Beginning with the first line, retype exactly the records below up to and including the line with "Image 1 of Elegante"; pictures do not belong in the copy.

RECORDS TO PROCESS —
══════════════════════════════
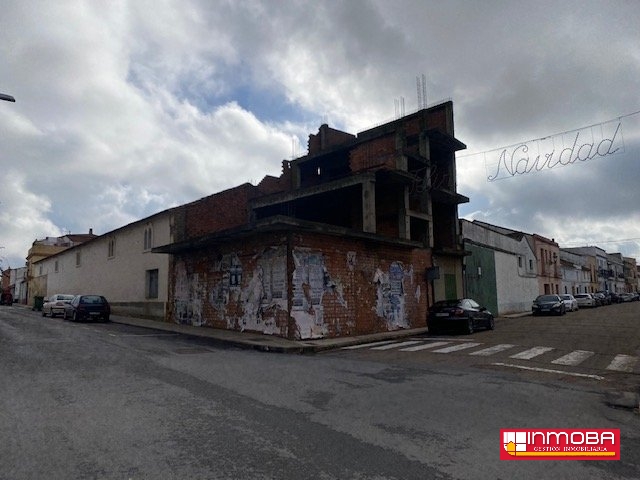 SUELO URBANO NUEVO EN VENTA EN GUAREÑA (SEMI CENTRO)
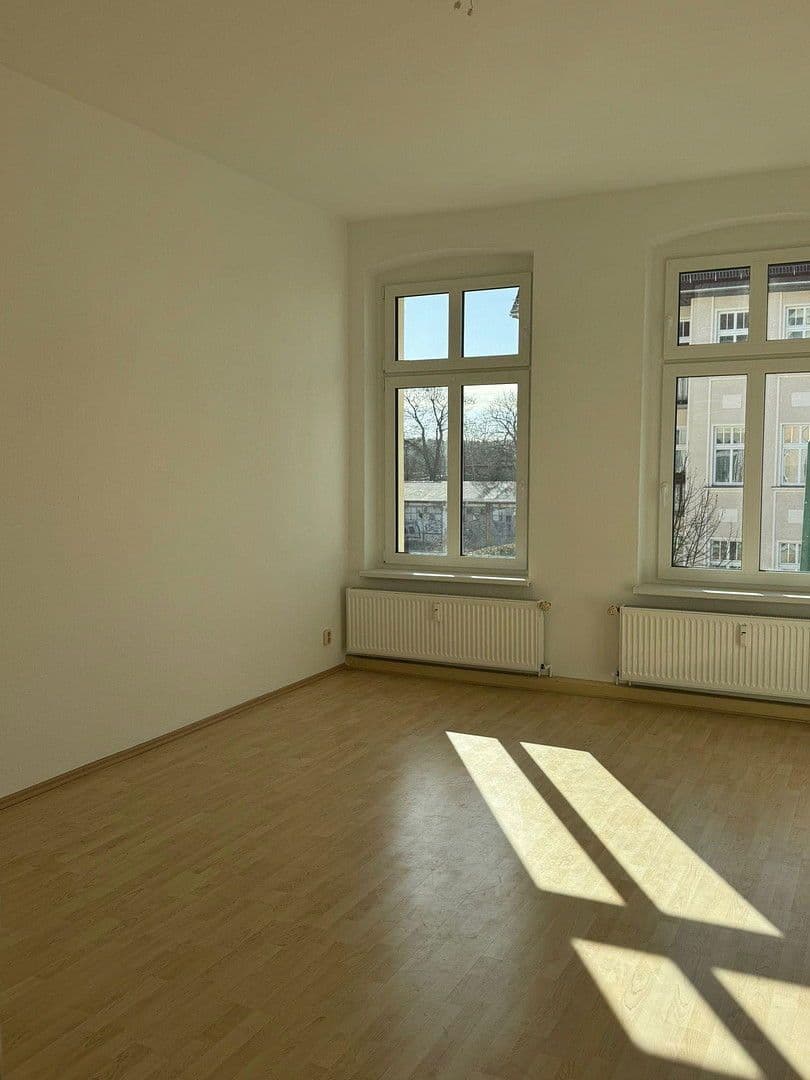 Pronájem bytu 4+1 105 m², Eisenbahnstraße 46, Eberswalde, Braniborsko Pronájem bytu 4+1 105 m², Eisenbahnstraße 46, Eberswalde, Braniborsko
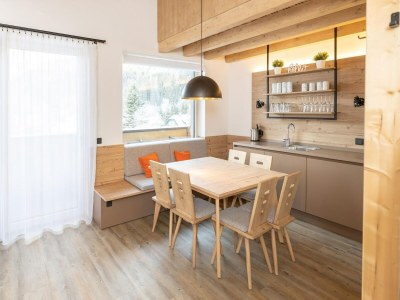 Apartment Spacious 3-Bedroom Alpine Apartment for 7 Guests - Features photo 14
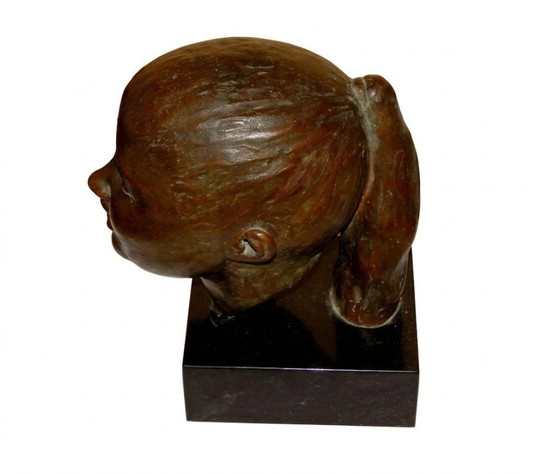 Image 1 of Elegante escultura de bronce: busto de una niña sobre una base de mármol macizo.
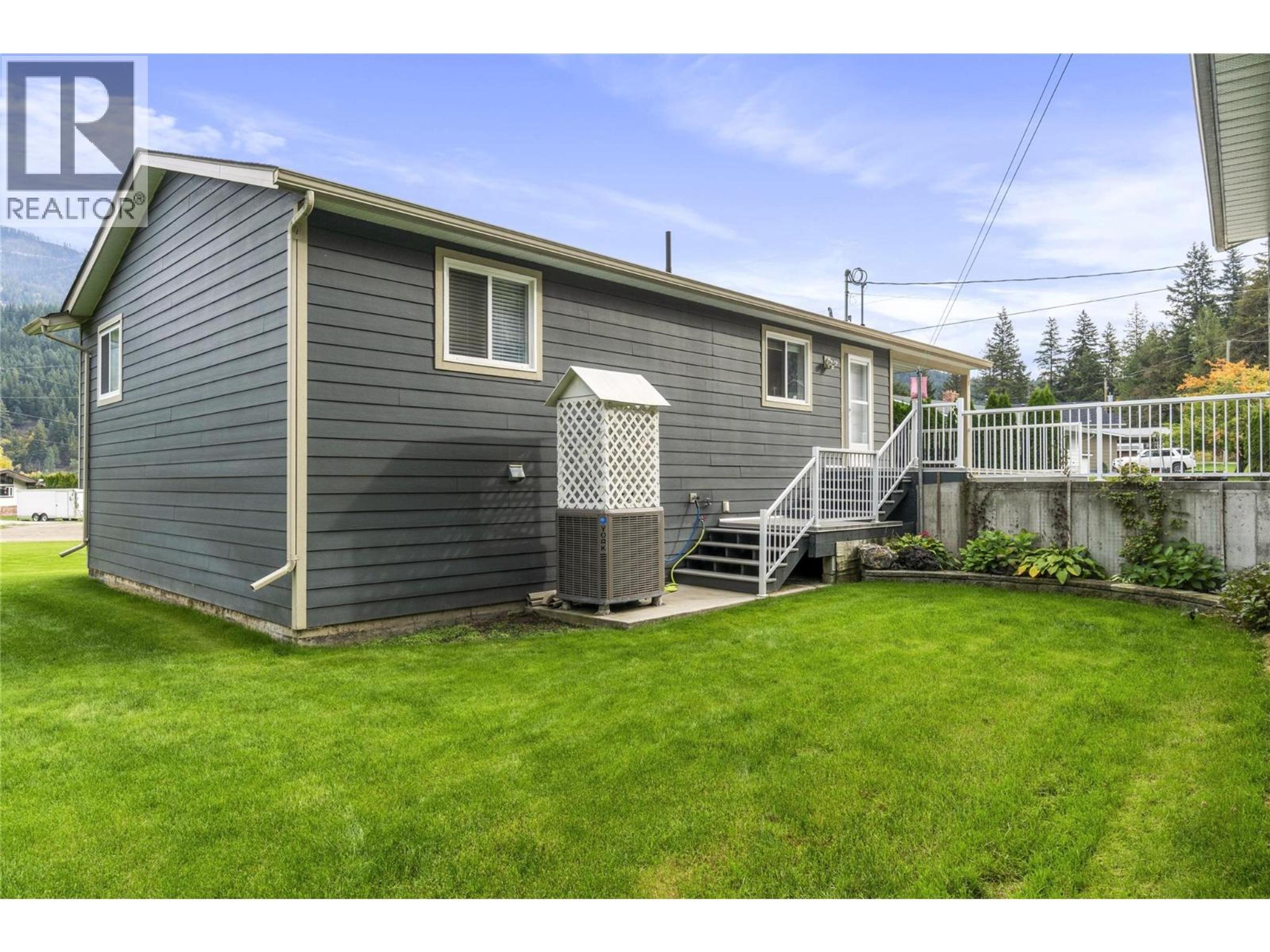 8758 HOLDING Road, Adams Lake - Exteriors - Photo 14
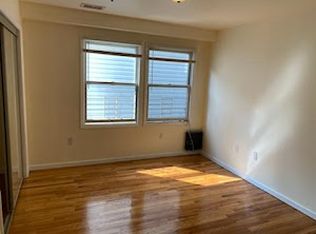 57 Washburn St #2R, Jersey City, NJ 07306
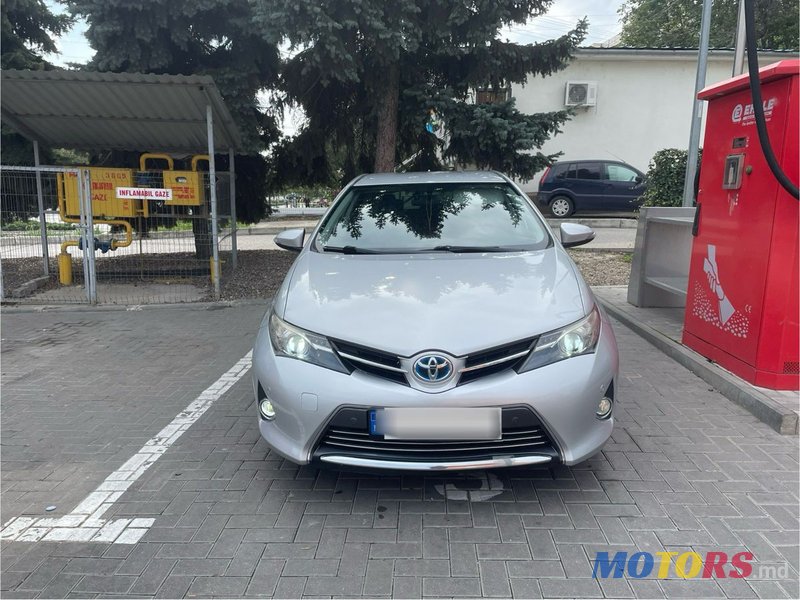 2014' Toyota Auris photo #6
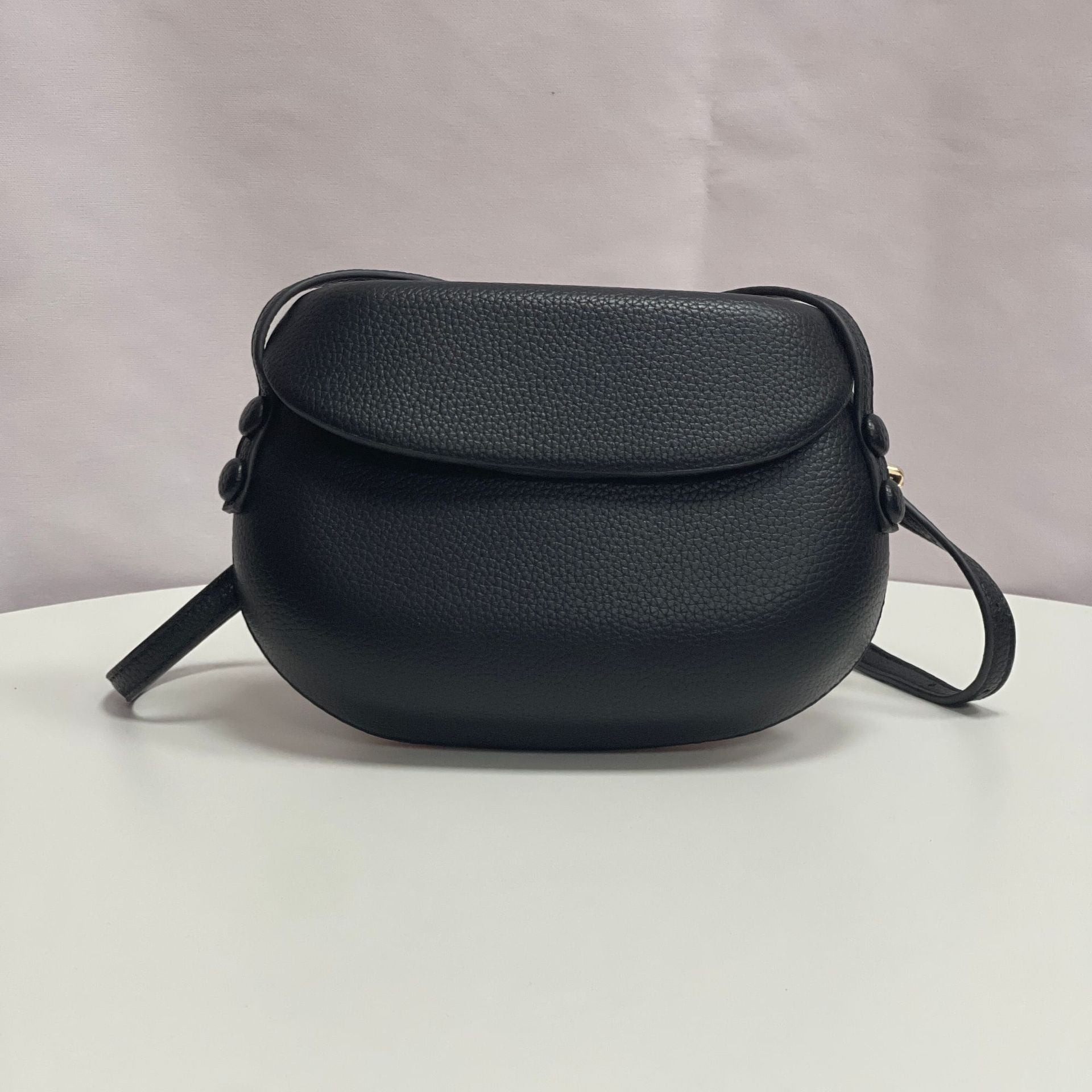 Spot lychee pattern retro saddle bag 2025 new pressure shell mini messenger bag simple versatile mobile phone shoulder bag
══════════════════════════════
RESULT OF THIS EXERCISE —
 SUELO URBANO NUEVO EN VENTA EN GUAREÑA (SEMI CENTRO)
 Pronájem bytu 4+1 105 m², Eisenbahnstraße 46, Eberswalde, Braniborsko Pronájem bytu 4+1 105 m², Eisenbahnstraße 46, Eberswalde, Braniborsko
 Apartment Spacious 3-Bedroom Alpine Apartment for 7 Guests - Features photo 14
 Image 1 of Elegante escultura de bronce: busto de una niña sobre una base de mármol macizo.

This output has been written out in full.